Can anyone briefly explain how factoring a large number is used to crack the TI? I know they needed to figure out what key to sign a new OS with, but is it symmetric or asymmetric? Also, what are the inputs to the problem and how do you know when it's solved/cracked? Thanks.
The calculator has an RSA public key in it (exponent e, modulus n). TI keeps secret an RSA private key (exponent d, same modulus n). The private key is used to sign the OS and the calculator verifies the signature before running the OS.
The modulus is composed of two primes, p and q. Factoring n into p and q is sufficient to regenerate the private exponent d. Thus, the hackers can now sign their own OS and have it loaded on stock calculators.
I suspect the 512-bit RSA key was used in order for the Z80 to verify a signature in a short period of time. It's possible they even use a small public exponent (e=3), which could enable simpler/quicker attacks than factoring.
TI could have solved this in a number of ways. Partitioning the key space so there isn't one global key (like broadcast encryption) is one solution. Another would be to use ECDSA with a fast curve.

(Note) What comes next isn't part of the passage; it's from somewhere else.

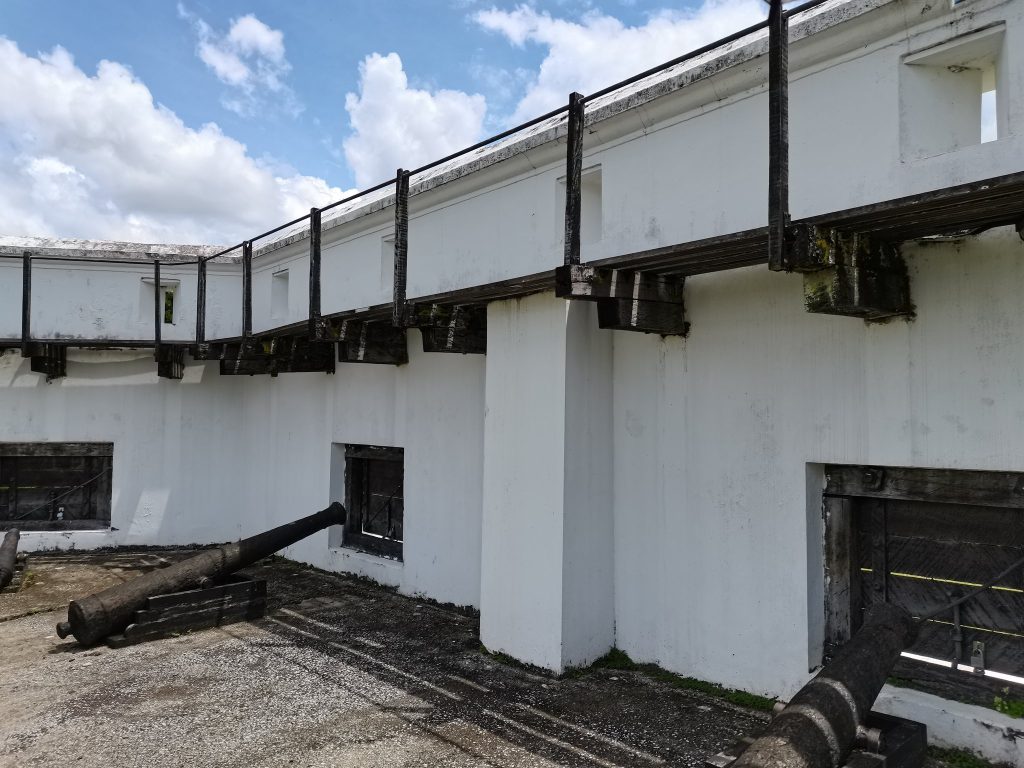 Fort Margherita: A River Defence Fort in Kuching, Malaysia 2 Fort Margherita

The two prime numbers are multiplied to generate a larger number for use in the RSA algorithm. It is a hard problem to factor a large number and that is why it is used in the RSA algorithm. http://en.wikipedia.org/wiki/RSA . The inputs to the problem are the primes and you know when it is solved when you have the two numbers multiply to give you the larger number.
The 'input' (the public key) of the problem can probably be found in the firmware of the device (it's probably too large to have been bruteforced). To be able to sign code so that the device will run it, you need the private key, which is one of the factors of the public key. So the guy used a program to factor the public key to get the private key so that he could sign the code (whatever code he wants) with it and get the calculator to run it.
From the forum discussion, someone mentioned that a Core2Quad extreme would need about 2 months (running 24/7) to factor the key. I don't know if there's anyone out there that's written a CUDA version, but a GTX295 should be able to run at at least 10x the speed of the CPU, if not something like 20-30x; that means if there are any other keys that need cracking (like for the TI-86 firmware), it could be done in a much shorter amount of time (probably less than a day for someone with a multi-GPU rig).
FTA article: it took "1745 hours, or a bit less than 73 days" on a 1900 MHz Athlon 64.
Also:
"The sieving database was 4.9 gigabytes and contained just over 51 million relations.
- During the "filtering" phase, Msieve was using about 2.5 gigabytes of RAM.
- The final processing involved finding the null space of a 5.4 million x 5.4 million matrix."
Being able to do more complex stuff on a TI-83 would certainly allow beginning calculus students to cheat on tests, since most classes allow nothing higher than a TI-83 under the assumption that 83's won't do, for example, step-by-step integration.